Gisterenmorgen sloot ik de verkondiging af met twee vragen. Een van die vragen wil ik hier nog graag even herhalen om nog wat over door te denken. Die vraag was ‘wat mag ik omarmen om dichter bij het Kerstkind te komen’. Ik kan voor u geen antwoord geven. Dat is ook weer het aardige van een preek. Een preek wil iets in gang zetten. De verkondiging wil bemoedigen, vertroosten en corrigeren, maar u mag de preek zelf afmaken en in praktijk brengen. Wat mag ik omarmen? Voor mijzelf betekent dit nu ‘goede woorden zeggen’. Daar wil ik me deze tweede adventsweek op toeleggen. Negatieve woorden wil ik graag loslaten, laten gaan en geen toestemming geven om een plaats in mijn hart te veroveren. Daar hebben ze geen recht op want ik ben van de Goede God en het Levende Woord. Goede woorden omarmen en koesteren kan dan betekenen dat ik ze opzoek, lees, overdenk, maar ook dat ik ze weer doorgeef aan de ander en tot leven laat komen.

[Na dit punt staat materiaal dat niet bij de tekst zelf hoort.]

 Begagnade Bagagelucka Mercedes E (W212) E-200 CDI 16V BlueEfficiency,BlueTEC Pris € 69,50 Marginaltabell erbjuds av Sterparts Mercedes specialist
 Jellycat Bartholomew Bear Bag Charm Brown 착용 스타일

Woorden hebben kracht. Boze woorden werken destructief. Ze vernietigen je hart en je ziel. Ze brengen een donker gat waar je in weg kan zakken als in een depressie. Liefdevolle woorden zijn constructief. Ze herbouwen je hart en versterken je ziel. Ze brengen licht om in te wonen en je aan te verwarmen. Woorden van vrede klinken in de tijd van Advent. In de voormalige DDR was de profetie uit Jesaja twee, waar staat ‘zij zullen hun zwaarden omsmeden tot ploegscharen’ veboden. Dat was omdat deze visionaire woorden de machthebbers angst aanjoegen. Woorden van vrede zijn sterker dan de tanks van het leger. Nog even en dan zingen we weer ‘vrede op aarde’ en ‘in de mensen een welbehagen’. Heeft het zin om deze woorden elk jaar weer te zingen? Ik denk van wel. Ze richten ons hart op onze roeping: vredestichters zijn. En bovendien, zo is het maar net: God heeft behagen in de mens! Dat is mooi. Dat klinkt goed. Een goed woord is het halve werk.

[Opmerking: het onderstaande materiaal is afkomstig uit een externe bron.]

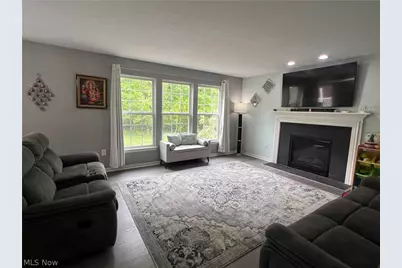 10523 Herrington Drive, Aurora, OH 44202 - Photo 5
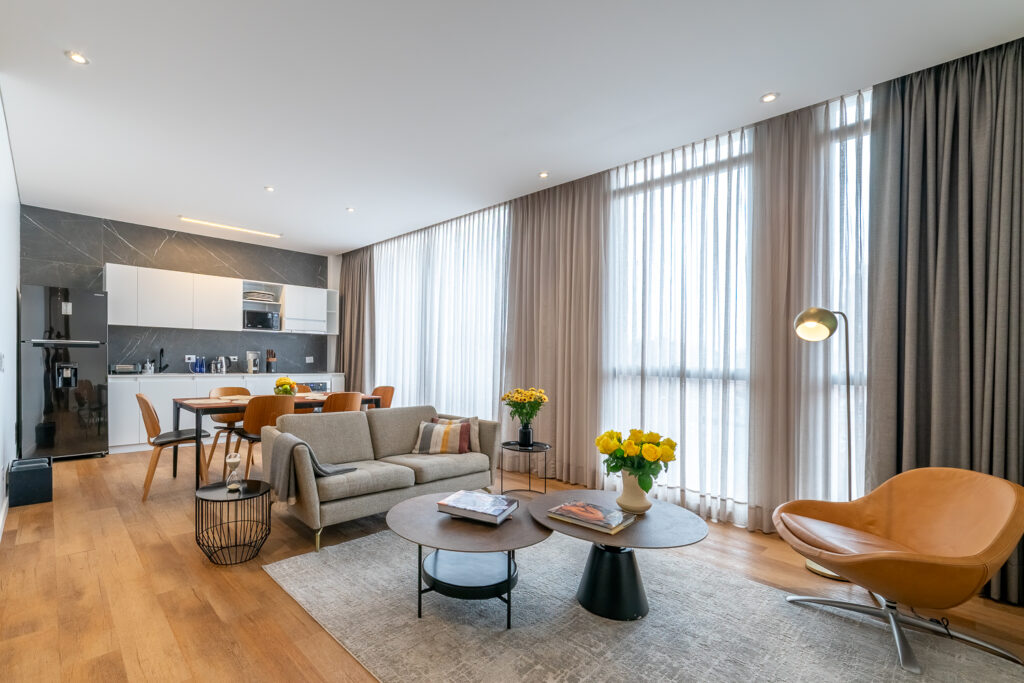 Amplios espacios del Penthouse 94M, Cassa Luxury Homes, Bogotá, Colombia.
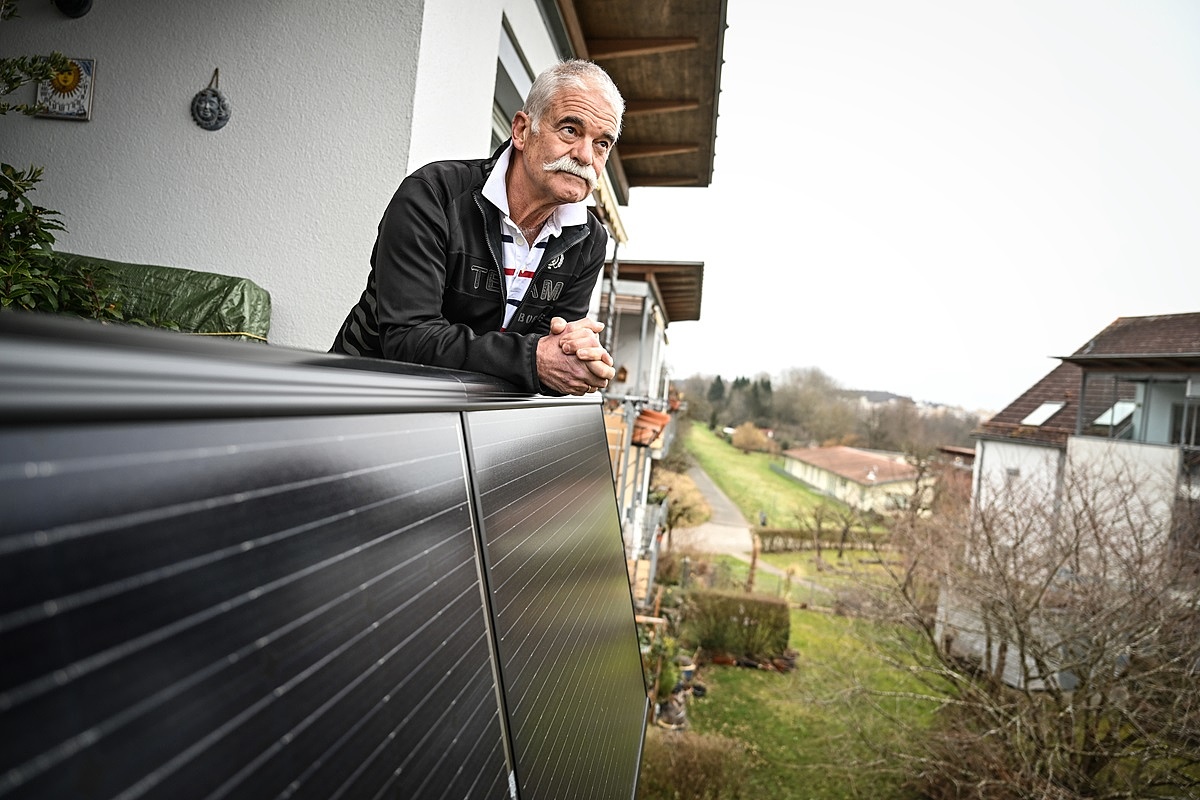 Elárasztják a városokat az erkélyekre akasztható napelempanelek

Aanstaande zaterdag in alle vroegte vertrekken we met een groep van acht mensen uit onze kerk naar Kelementelke. Dit is een klein dorpje in Transsylvanië in Roemenie. Transsylvanië is een prachtige streek en was tot 1918 deel van Hongarije. Onder protest werd het na de Eerste Wereldoorlog ‘geschonken’ aan Roemenië. Vele decennia is er sprake geweest van ernstige onderdrukking van de Hongaren door de Roemenen. Na de revolutie van 1989 en de val van het rijk van dictator Ceasescu is daar verbetering in gekomen. Toch lijdt het gehele land nog steeds onder de gevolgen van corruptie, uitbuiting en onderdrukking. Een groot deel van de bevolking leeft ver onder de armoedegrens.

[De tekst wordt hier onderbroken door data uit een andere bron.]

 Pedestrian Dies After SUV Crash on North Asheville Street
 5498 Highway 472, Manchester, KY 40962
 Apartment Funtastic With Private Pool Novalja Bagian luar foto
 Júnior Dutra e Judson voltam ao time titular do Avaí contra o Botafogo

Wat gaan we hier doen? Als gemeente hebben we besloten om een contact met kerk van Kelementelke aan te gaan. Het is een geloofsgemeenschap van ongeveer 500 mensen. De predikant heet Attila. Ik ken hem van eerdere bezoeken aan Roemenië. Als groep zien we uit naar de ontmoeting met het dorp waar verreweg de meeste mensen bij de kerk horen. De Hongaren zijn buitengewoon gastvrije mensen. We hebben begrepen dat velen in het dorp zich hebben aangemeld als gastgezin, maar we kunnen niet overal slapen, wellicht hier en daar een maaltijd. Want het lijkt ons wel goed om veel mensen te ontmoeten om een beeld te krijgen van het dorp. Het gemeste dorpsvarken zal er vandaag of morgen wel aangaan. Zondagmorgen zullen we daar de dienst bij wonen. Dat is voor mij persoonlijk wel het hoogtepunt van deze reis. Samen met ds. Attila mag ik de dienst verzorgen en als groep zullen we daar het ‘Stille nacht” zingen. Dinsdagmorgen vliegen we weer terug. Het is dus maar een kort bezoek, maar het zal vast indrukwekkend zijn. We zien er naar uit! Zoals u begrijpt zal mijn blog wat later verschijnen.

Ik sluit graag af met een couplet van een Adventslied:
Al zijt Gij nu nog maar een kind, zo kwetsbaar, teer en klein, wij weten dat het rijk begint waarvan Gij Heer zult zijn,

een rijk waarin de vrede wint van oorlog en van pijn. Wij loven U Koning en Heer!